Contemporary baking parchment paper is created by simply dipping pieces of paper pulp in a tub of sulfuric acid or alternatively, zinc chloride. This unique practice somewhat melts or gelatinizes the paper, a operation that is reversed just by eliminating the chemicals followed by drying. This process produces a sulfurized cross-linked material having high density, stability, resistance to heat and also low surface energy, thereby imparting superior non-stick or release properties. The processed paper possesses an appearance comparable to that of standard parchment.
Though it is known by various names, baking parchment paper frequently falls into two categories:
Quilon Coated Baking Parchment Paper
Quilon is a compound that is applied to the parchment paper as a release agent. This paper is typically offered as bleached (white) or unbleached (natural). Each paper provides the similar release qualities. The white colored paper has only undergone additional treatment. Quilon coated paper is often reusable, although that frequently depends on the level of stickiness that the food your cooking has. This kind of parchment paper is utilized for lower heat recipes. . . Commonly up to four hundred degrees Fahrenheit for about 30 minutes. Using this time and temperature range the parchment paper will usually brown along the edges with no burning. Nevertheless, you need to check every batch yourself since paper and stoves vary. You shouldn't use this paper when you have to use high heat or lengthy cooking periods.

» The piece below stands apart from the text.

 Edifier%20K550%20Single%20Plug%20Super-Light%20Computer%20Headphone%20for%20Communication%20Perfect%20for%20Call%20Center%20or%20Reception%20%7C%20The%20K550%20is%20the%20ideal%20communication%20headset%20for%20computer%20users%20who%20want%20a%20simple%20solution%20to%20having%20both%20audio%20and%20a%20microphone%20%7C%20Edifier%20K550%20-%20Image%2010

Parchment Paper Coated With Silicone
Not to be confused with the element Silicon, Silicone is actually substance that's embedded in baking parchment that creates a stable, high density and heat resistant parchment paper sheet with great anti-stick and release attributes. This particular paper is recommended for lengthy preparation times or high heat uses as it is far better at enduring high heat when compared to Quilon parchment paper . The downside to this will be the price. Silicone coated paper costs you a bit more than its Quilon coated counterpart.
Wax Paper
Wax paper shouldn't be substituted for baking parchment paper. They are not identical. Wax paper is just a ordinary paper that's been treated with wax. It's great for keeping a hoagie from getting wet in the refrigerator, however it may liquefy when heat is applied and even ignite.
Supermarket Paper Versus Commercial High quality Paper
Not every type of parchment paper is created equally. If perhaps you've ever bought some from a supermarket you probably realize what we mean. Supermarket paper is typically sold in a roll. This make the paper roll up when you try to lay it flat. Commercial type paper is not shipped in a roll, thus eliminating this specific issue. Furthermore, grocery store parchment paper is considerably thicker compared to commercial style paper. Then, of course, there is the cost. Commercial quality baking parchment paper is usually much cheaper.
Which parchment paper is correct for me?
When choosing which parchment paper is correct for you, consider your needs. Should you need a baking sheet which will function in high temperature settings or for another reason, such as tee-shirt transfers, then don't select Quilon coated baking parchment paper. Having said that, in case you want to make some cakes or cookies without stressing out about them sticking to your pans, then maybe you need to try the Quilon treated paper.